Fillet steak should always be peppered and salted for several hours before cooking, as the flavour is thereby much improved. A favourite accompaniment to this dish is maitre d'hotel butter, which is finely minced parsley mixed with cold butter, pepper, and salt. A small piece of this mixture should be laid on each slice of fillet the moment before it is sent to table.

How To Cook Haricot Beans

Put the beans in plenty of cold water, when they boil throw in a little salt, let them boil about two hours, and when the skin begins to crack strain away all the water, which put aside to help make soup, and put a thick cloth over the beans. Put the saucepan on the hob for one hour for the beans to steam, by this time the little water left with them will have dried up, and the beans will be thoroughly cooked and mealy.

Haricot Beans Fried

Prepare the beans as in the foregoing recipe, put a little sweet dripping into a stewpan, let it come to a froth, then put in the hot cooked beans with a very little chopped sage, toss them about with a wooden spoon till they are a pale gold colour; add a little pepper and salt, and serve very hot.

Pancakes

Mix eight ounces of the finest white flour with three gills of milk. Take care to mix the batter very smooth, putting a little milk at a time to the flour and working together by degrees. Beat up the yolks of three eggs, stir them well into the batter, add a pinch of salt, and when ready to fry the pancakes beat the whites of the eggs to a strong froth and stir them in lightly. Before commencing to fry the pancakes, dissolve two ounces of butter in the fryingpan, pour it into a basin, and for each pancake use one dessertspoonful of this dissolved butter. "When this is hot enough, measure four tablespoonfuls of batter into a cup, pour it into and let it run thinly over the pan, which hold over a brisk fire and shake gently until the under side is brown and the upper side set. Toss it, and let the other side brown; slide it on to a dish, sift sugar and fold the pancake into an oval shape, keep hot whilst the remainder are fried. This quantity of batter will make seven pancakes fried in a pan eight inches in diameter.

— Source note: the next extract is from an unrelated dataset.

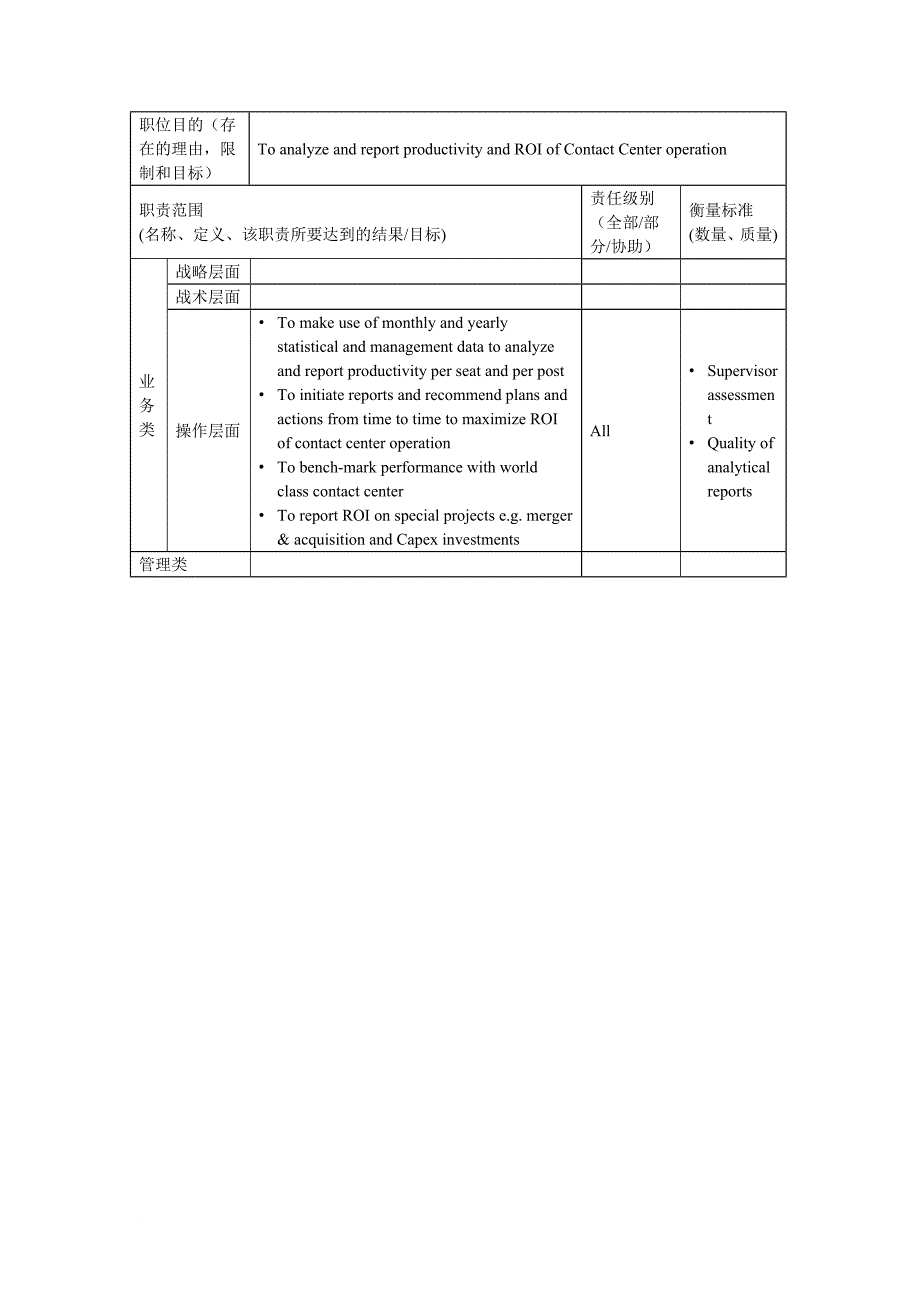 岗位职责_assistant manager岗位说明书大全12_第2页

It is usual to. fry pancakes in lard, but they are only fit for the most robust digestions, and are rarely eaten with impunity. The art of tossing pancakes is one easily acquired. The cook should practice by tossing a plate mat of a piece of millboard cut to the shape of her pan; when she has learned to toss this, she will find it perfectly easy to manage a pancake. Many cooks recommend that batter should be made some hours before required for use, but the writer, in her own practice, has found if the batter is carefully mixed as directed, this is not necessary.